• [What this task involves]:
An image-free reproduction of the data below is needed: print it exactly.

• [Given information]:
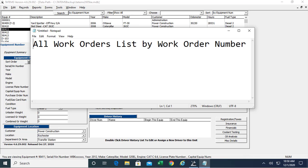Hi, Mark Reedy here. In this video, I'm going to show you how to use the all work orders list by work order number report.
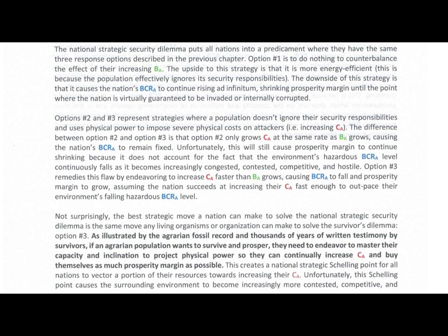Options two and three represent strategies where a population doesn't ignore their security responsibilities and uses physical power to impose severe physical costs on attackers. The difference between option two and option three is that option two only grows cost of attack at the same rate as benefit of attack grows, causing the nation's BCRA to remain fixed.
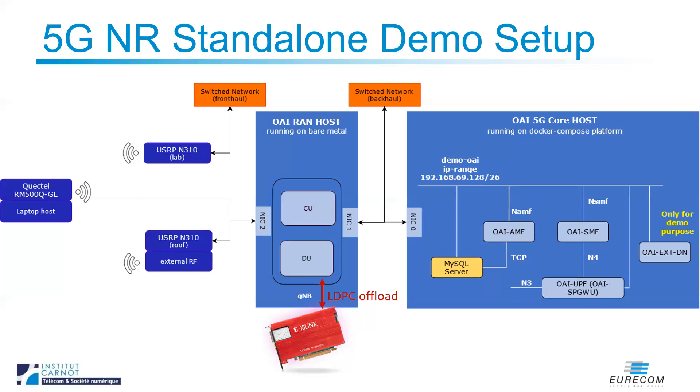As a radio, we use the USRP N310 in the lab, and for the equipment, we use a commercial QuackTel module.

• [Output of the exercise]:
Hi, Mark Reedy here. In this video, I'm going to show you how to use the all work orders list by work order number report.
Options two and three represent strategies where a population doesn't ignore their security responsibilities and uses physical power to impose severe physical costs on attackers. The difference between option two and option three is that option two only grows cost of attack at the same rate as benefit of attack grows, causing the nation's BCRA to remain fixed.
As a radio, we use the USRP N310 in the lab, and for the equipment, we use a commercial QuackTel module.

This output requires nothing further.